Mazlumun Duasından Sakınma
5. Mazlumun Duasından Sakınma
2883. Zeyd'in babası Eslem'den:
Ömer b. Hattab, Hüney ismindeki azatlı kölesini merayı korumak üzere bekçi tayin etti ve:
« Ey Hüney! insanlara yumuşak davran. Mazlumun bedduasından sakın. Çünkü mazlumun duası kabul olunur. Az devenin sahibiyle, az koyunun sahibinin meraya girmesine müsaade et. (Abdurrahman) İbn Avfın hayvanlarıyla (Osman) İbn Affan’ın hayvanlarını meraya sokma. Onları misal olsun diye söylemiştir. Çünkü onların davarları çoktu. Yoksa özellikle ikisini menetmek istememiştir. Çünkü onların davarları helak olsa, ziraat ve hurmalıklara dönerler. Şayet az devenin sahibi ve az koyunun sahibinin hayvanları helak olursa, oğullarını bana gönderip «Ey mü'minlerin emiri! Ey mü'minlerin emiri» derler. Ben onları terk mi edeyim, hey babasını kaybedesi! Su ve ot bağışlamak, bana göre altın ve gümüşten daha kolaydır. Allah'a yemin ederim ki, onlar benim kendilerine zulmettiğimi zannederler. Çünkü bu onların beldeleri ve sulandır. Cahiliyye döneminde onun için savaştılar, islamiyet döneminde de onun üzerinde müslüman oldular. Kuvvet ve iradesiyle yaşadığım Allah'a yemin ederim ki, savaşlarda biniti olmayanları sırtlarında taşıdığım hayvanlar olmasaydı, onların beldelerinden bir karış yeri bile korumazdım.» Buhârî, Cihad, 56/180.

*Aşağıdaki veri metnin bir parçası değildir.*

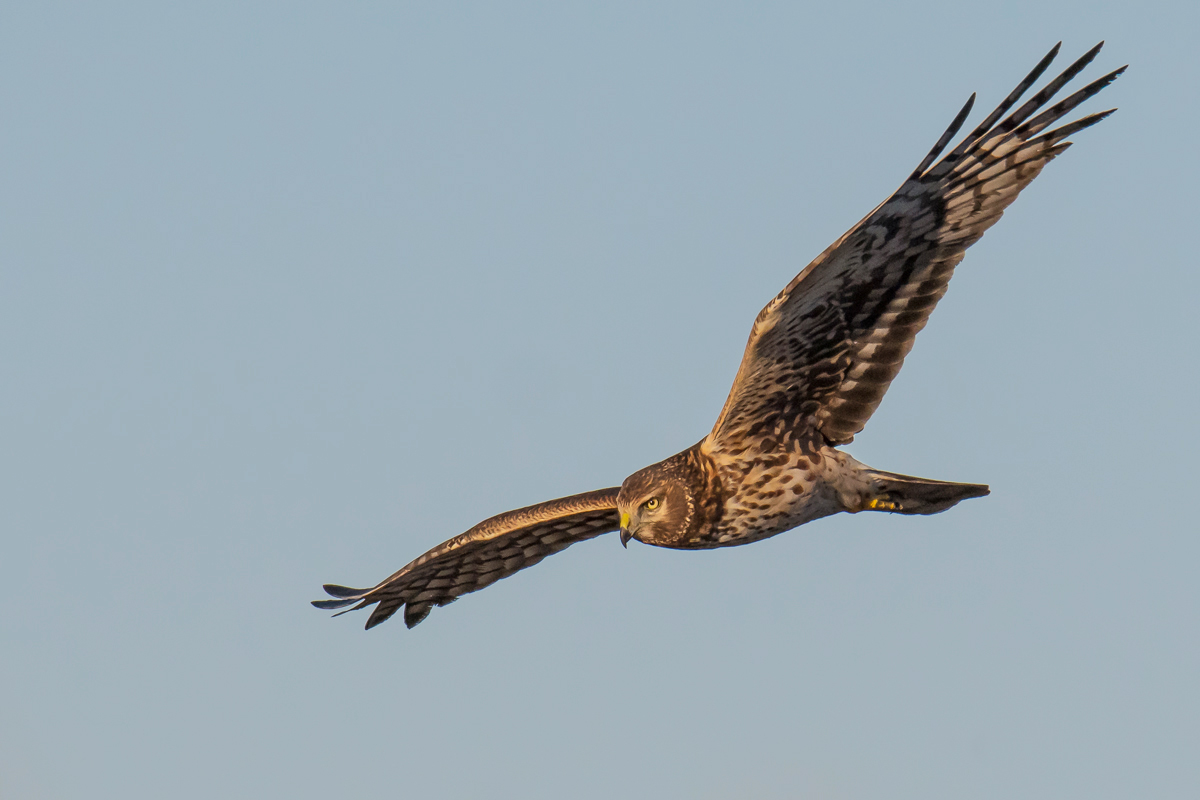 Northern Harrier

٥ - باب مَا يُتَّقَى مِنْ دَعْوَةِ الْمَظْلُومِ
٢٨٨٣ - حَدَّثَنِي عَنْ مَالِكٍ، عَنْ زَيْدِ بْنِ أَسْلَمَ، عَنْ أَبِيهِ : أَنَّ عُمَرَ بْنَ الْخَطَّابِ اسْتَعْمَلَ مَوْلًى لَهُ يُدْعَى هُنَيًّا عَلَى الْحِمَى، فَقَالَ : يَا هُنَيُّ، اضْمُمْ جَنَاحَكَ عَنِ النَّاسِ، وَاتَّقِ دَعْوَةَ الْمَظْلُومِ، فَإِنَّ دَعْوَةَ الْمَظْلُومِ مُجَابَةٌ، وَأَدْخِلْ رَبَّ الصُّرَيْمَةِ وَرَبَّ الْغُنَيْمَةِ، وَإِيَّايَ وَنَعَمَ ابْنِ عَوْفٍ وَنَعَمَ ابْنِ عَفَّانَ، فَإِنَّهُمَا إِنْ تَهْلِكْ مَاشِيَتُهُمَا يَرْجِعَا إِلَى نَخْلٍ وَزَرْعٍ، وَإِنَّ رَبَّ الصُّرَيْمَةِ وَرَبَّ الْغُنَيْمَةِ إِنْ تَهْلِكْ مَاشِيَتُهُمَا يَأْتِنِي بِبَنِيهِ فَيَقُولُ : يَا أَمِيرَ الْمُؤْمِنِينَ ! يَا أَمِيرَ الْمُؤْمِنِينَ ! أَفَتَارِكُهُمْ أَنَا لاَ أَبَا لَكَ ؟ فَالْمَاءُ وَالْكَلأُ أَيْسَرُ عَلَيَّ مِنَ الذَّهَبِ وَالْوَرِقِ، وَايْمُ اللَّهِ إِنَّهُمْ لَيَرَوْنَ إنِّي قَدْ ظَلَمْتُهُمْ إِنَّهَا لَبِلاَدُهُمْ وَمِيَاهُهُمْ، قَاتَلُوا عَلَيْهَا فِي الْجَاهِلِيَّةِ، وَأَسْلَمُوا عَلَيْهَا فِي الإِسْلاَمِ، وَالَّذِي نَفْسِى بِيَدِهِ لَوْلاَ الْمَالُ الَّذِي أَحْمِلُ عَلَيْهِ فِي سَبِيلِ اللَّهِ، مَا حَمَيْتُ عَلَيْهِمْ مِنْ بِلاَدِهِمْ شِبْراً(٦٦٢).